Crime doesn't pay? Tell that to Tony Montana...

Tony Montana's meteoric rise from down-and-out Cuban refugee to the lord of Miami's criminal underworld is the stuff of movie legend. Scarface has become synonymous with sleazy 80s pop culture and there are more games, films and songs inspired by it than there are stars in the sky. Kind of. But how do you make a game based on a downbeat crime drama appeal to the drooling masses without turning it into a gaudy shoot-em-up with car modding and tit shots? Well, after playing its ass off, developers Radical have achieved this by making a compromise - they've retained the mood and atmosphere of the movie to keep fans happy, but the game itself is made up of familiar GTA-flavoured parts that'll broaden its appeal and, ultimately, the smile on Johnny Casual's face. And it works.


The game takes place immediately after the movie, creating an alternate timeline in which Montana doesn't die - instead, he loses his money and assets to the police and goes into hiding, emerging three years later to take back the city. His first goal? To get his mansion back from a pair of corrupt DEA agents who are shamelessly based on Miami Vice's Crockett and Tubbs. They want a hundred grand, so Tony has to do some small-time drug-dealing before he can re-establish his base of operations. Dealing is simple - an old contact of Tony's works at a bar (the same one where he and Manny try to pick up girls in the movie) and she's a supplier. She sorts you out with a few grams of coke, which you then dish out to street corner-dwelling weirdos and yuppies, cutting yourself a slice of the profit pie. The amount of money you sell for depends on your timing, as it's all controlled via an early TigerWoods-style swing-o-meter.

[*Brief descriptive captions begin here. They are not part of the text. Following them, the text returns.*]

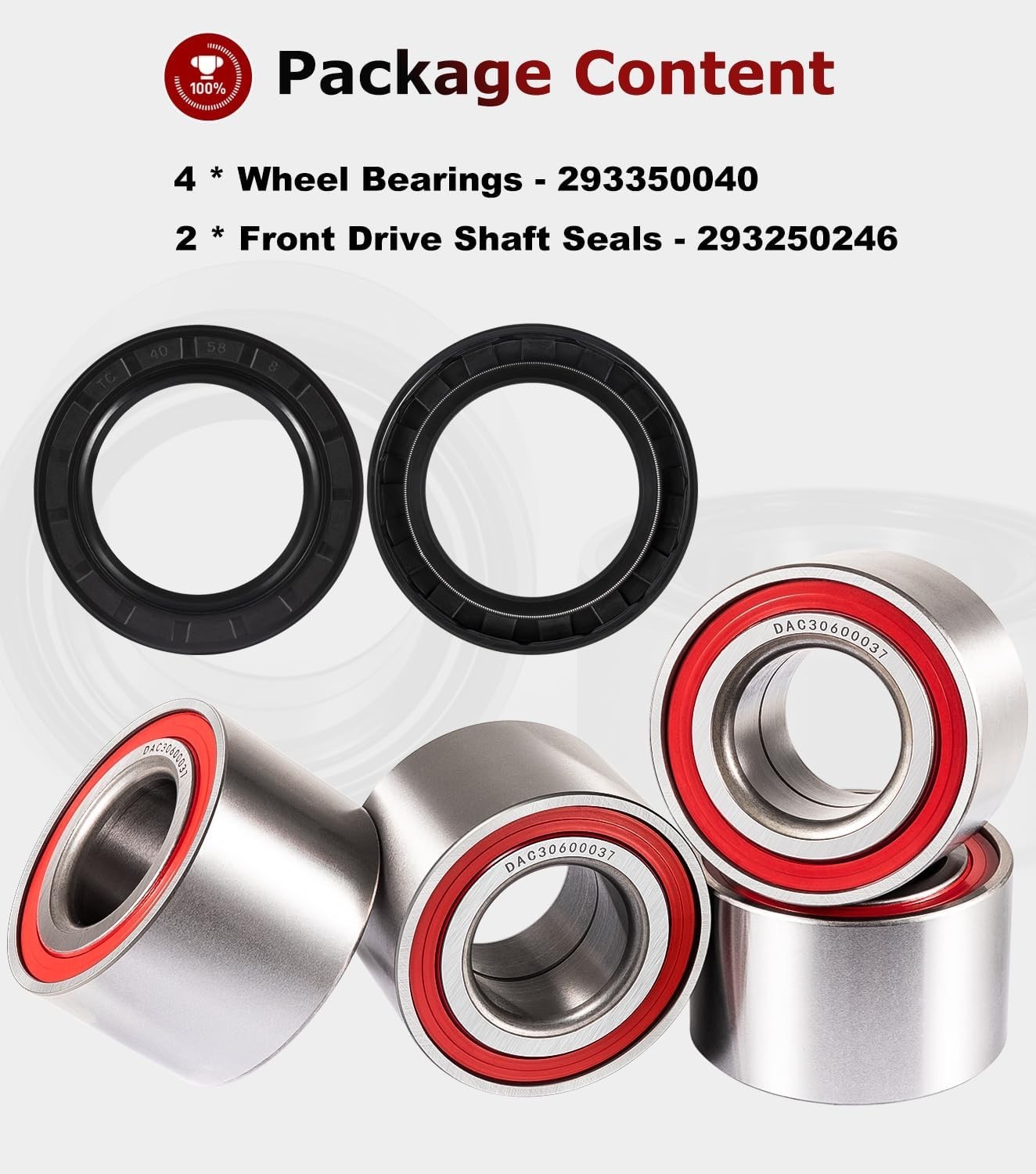 6PCS Wheel Bearings Kit & Front Shaft Seal for Can-Am 6 pcs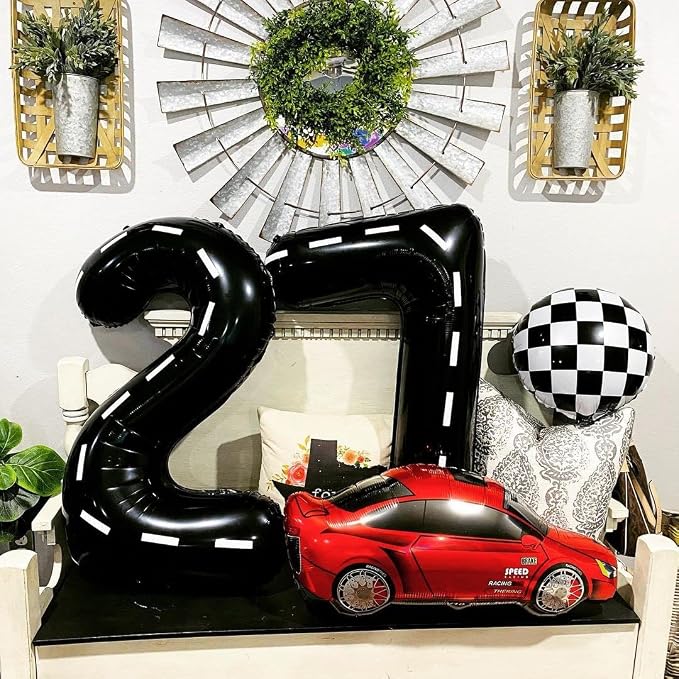 Race Car Number 5 Balloons, 40 Inch Birthday Balloons Two Fast Balloon Race - Image 5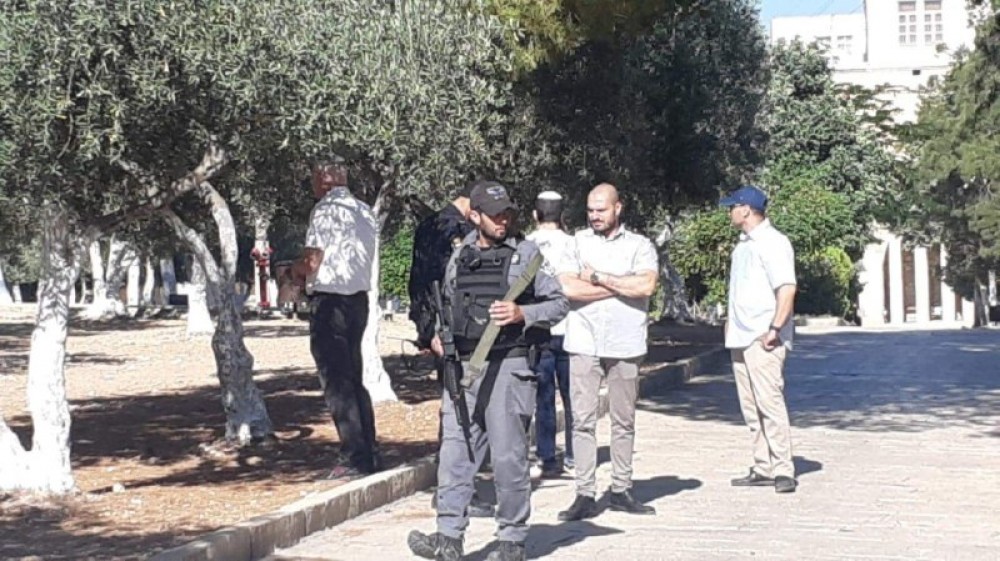 وزير الزراعة الإسرائيلي برفقة مستوطنين في باحات الأقصى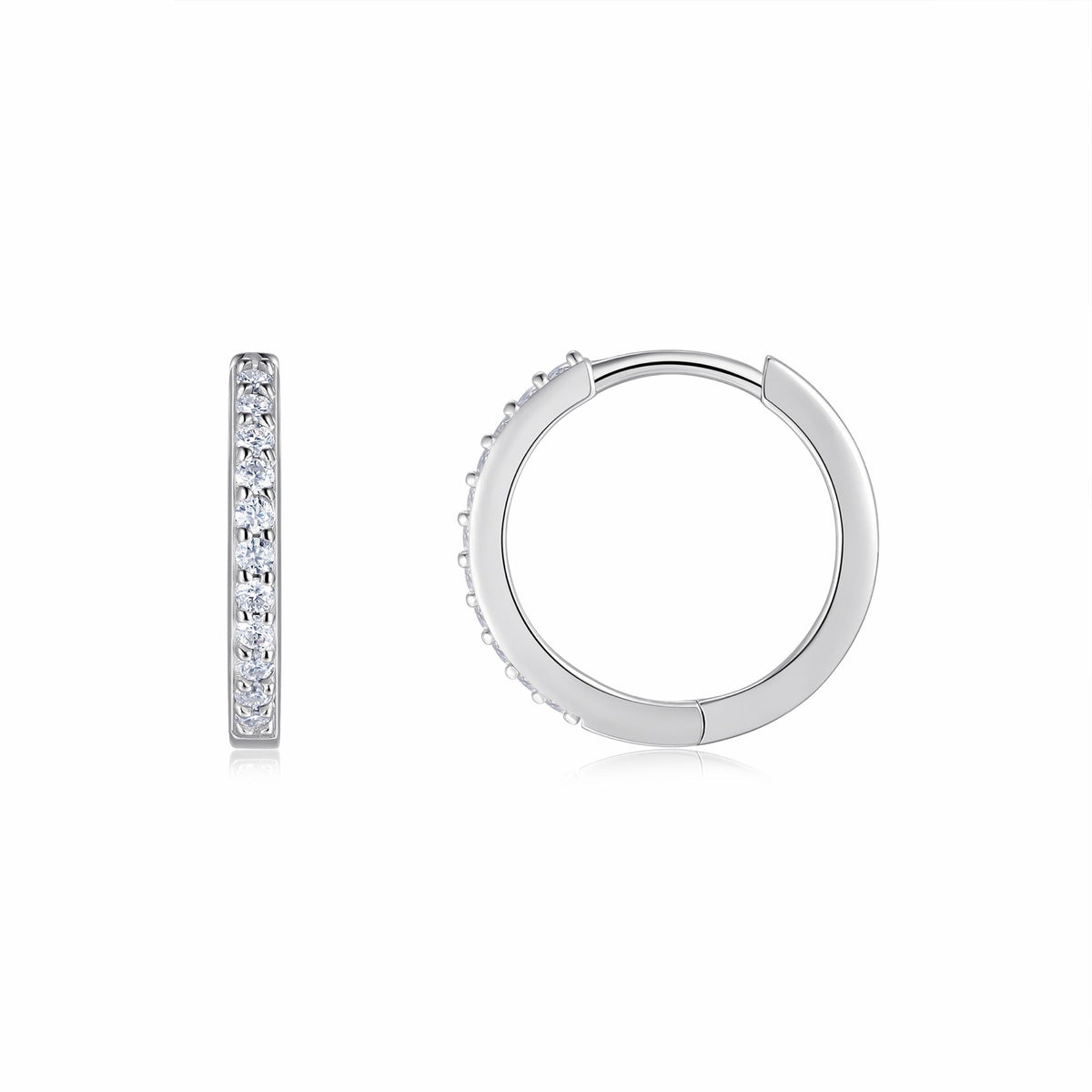 Filoro Moissanite Huggie Hoop Earrings in Sterling Silver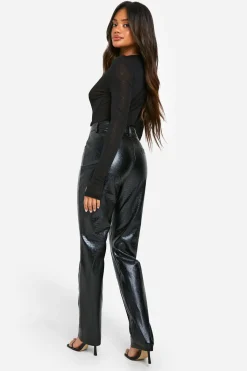 boohoo Pantalon Slim Fit Croc synthétique<Femme Pantalons|Tailleurs
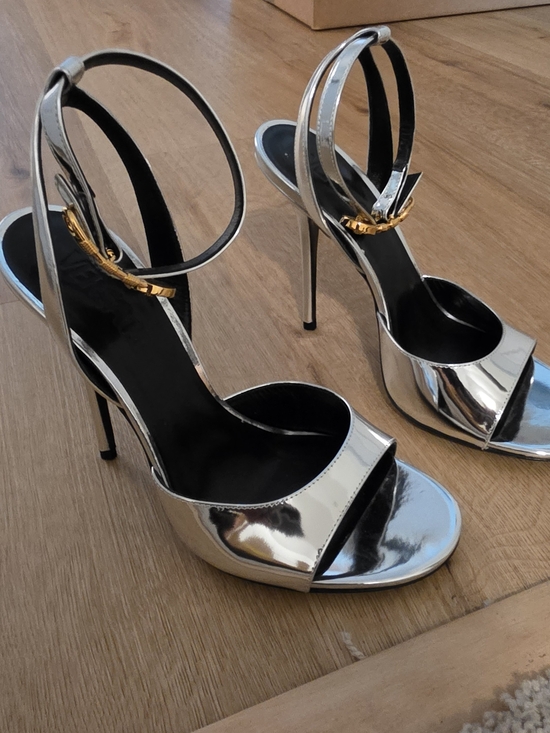 Versace Shoes - Versace Silver Mirror Metallic Open-Toe Stiletto Sandals with Gold Buckle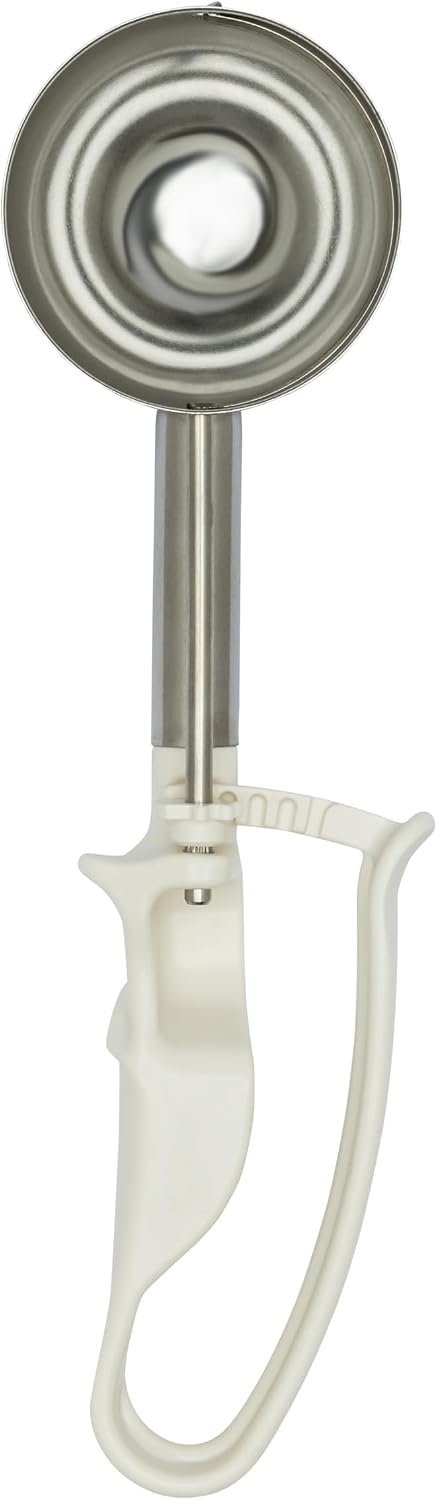 【Extended】Size 10 IVORY (3.19 oz.) VODOMAX Commercial Food Disher, 13 Sizes & Color-Coded, Stainless 18-10, Non-Spring Disher, Portion Control Scoop, IceCream Disher, Ice Cream Scoop, Soufflé Scoop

Push enough drugs and you'll eventually earn enough cash to get your mansion back from the cops and, best of all, earn your 'exotics' catalogue. After the shootout in the opening level your gaff's in a sorry state - police tape everywhere, chalk outlines, bullet holes - which just isn't good enough for a wealthy drug lord. By browsing the aforementioned catalogue, Tony can spend money on decor and furniture, including his sister Gina's ashes (he killed her at the end of the film), stuffed pelicans and hundreds of other oh-so-tasteful items. You can also buy cars and boats, not to mention personnel like drivers and bodyguards. You can even haulout a massive 80s mobile phone and order your driver to bring your car to you at any time, anywhere in the city.


Our favourite feature, though, has to be chatting with pedestrians. There are 250 conversations in total, all of which are multi-tiered. Tony's tactless come-on attempts and sweary mouth make them hilarious. Hitting on uptight career women, berating hicks for being smelly, annoying hippies, calling random passers-by all kinds of incredibly offensive names - it's brilliant, pointless fun and adds an extra layer of ambience and realism to the city. But they serve a purpose too; they're the equivalent of GTA's hidden packages and if you finish every conversation in the game, you unlock one of the game's mountain of bonuses.

The soundtrack is excellent too, with a selection of radio stations - metal, country and so on - hosting a vast selection of licensed tunes, including the film's original score and songs ranging from Johnny Cash to Eric B & Rakim.

This could have turned out predictable, soulless and completely devoid of any reason to play it, but it bloody well won't be. Lush visuals, excellent sound design, ballsy arcade shooting bits, fun arcade driving and swears galore look like they'll make Scarface a winner.

The verdict

Free-roaming crime may start and end with GTA in most peoples minds, but Tony Montana has the balls to be a contender. Fock!